# Filtering out elements based on hard criteria

In a lot of cases hard filtering is needed, when we specifically do not want the result set to contain some items, no matter how deep we scroll into the results. This can be achieved via the `.filter` clause in the `Query`.

In [1]:
%pip install superlinked==6.1.0

In [2]:
import pandas as pd

from superlinked.framework.common.schema.id_schema_object import IdField
from superlinked.framework.common.schema.schema import schema
from superlinked.framework.common.schema.schema_object import String
from superlinked.framework.dsl.index.index import Index
from superlinked.framework.dsl.space.text_similarity_space import TextSimilaritySpace

from superlinked.framework.dsl.executor.in_memory.in_memory_executor import (
    InMemoryExecutor,
)
from superlinked.framework.dsl.source.in_memory_source import InMemorySource
from superlinked.framework.dsl.query.query import Query

pd.set_option("display.max_colwidth", 100)

In [3]:
@schema
class Paragraph:
    id: IdField
    body: String
    author: String


paragraph = Paragraph()

body_space = TextSimilaritySpace(
    text=paragraph.body, model="sentence-transformers/all-mpnet-base-v2"
)
author_space = TextSimilaritySpace(
    text=paragraph.author, model="sentence-transformers/all-mpnet-base-v2"
)

<div class="alert alert-block alert-info"><b>NOTE:</b> 
The index definition requires the fields that we plan to create filters for.

In [4]:
paragraph_index = Index(
    [body_space, author_space], fields=[paragraph.author, paragraph.body]
)

Now let's add some data and try it out!

In [5]:
source: InMemorySource = InMemorySource(paragraph)
executor = InMemoryExecutor(sources=[source], indices=[paragraph_index])
app = executor.run()

In [6]:
source.put(
    [
        {
            "id": "paragraph-1",
            "body": "The first thing Adam wrote.",
            "author": "Adam",
        },
        {
            "id": "paragraph-2",
            "body": "The first thing Bob wrote.",
            "author": "Bob",
        },
        {
            "id": "paragraph-3",
            "body": "The second thing Adam wrote.",
            "author": "Adam",
        },
    ]
)

## Using the .filter clause

Provides the opportunity to write filters on the result set.
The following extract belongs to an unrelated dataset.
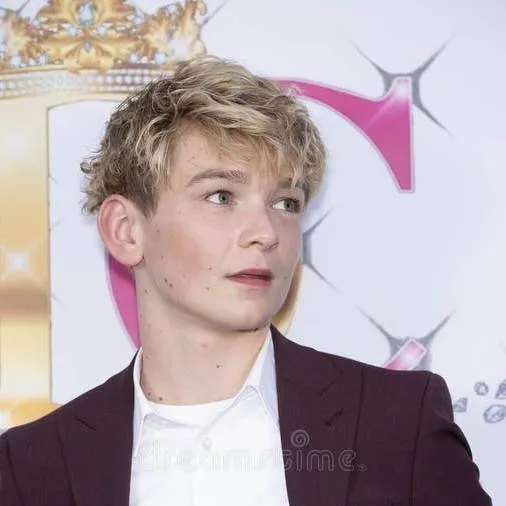 chat with ai character: Kaido Roberts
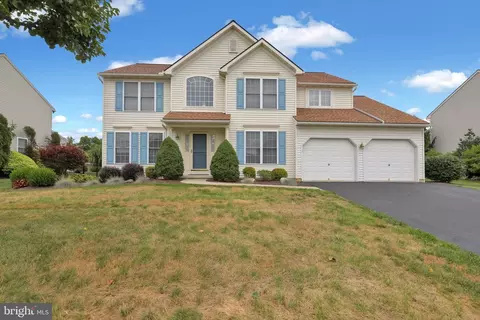 111 Running Creek Dr, Reading, PA 19608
For example I can ask for articles written by Adam...

In [7]:
adam_query = Query(paragraph_index).find(paragraph).filter(paragraph.author == "Adam")
adam_result = app.query(adam_query)

adam_result.to_pandas()

Unnamed: 0,body,author,id
0,The first thing Adam wrote.,Adam,paragraph-1
1,The second thing Adam wrote.,Adam,paragraph-3


...or not Adam.

In [8]:
bob_query = Query(paragraph_index).find(paragraph).filter(paragraph.author != "Adam")
bob_result = app.query(bob_query)

bob_result.to_pandas()

Unnamed: 0,body,author,id
0,The first thing Bob wrote.,Bob,paragraph-2


and we can also stack multiple filters to form AND type of relationship.

In [9]:
stacked_query = (
    Query(paragraph_index)
    .find(paragraph)
    .filter(paragraph.author == "Adam")
    .filter(paragraph.body == "The first thing Adam wrote.")
)
stacked_result = app.query(stacked_query)

stacked_result.to_pandas()

Unnamed: 0,body,author,id
0,The first thing Adam wrote.,Adam,paragraph-1


## Summary

We are supporting

* the `==` and `!=` operators
* AND relationships by stacking filters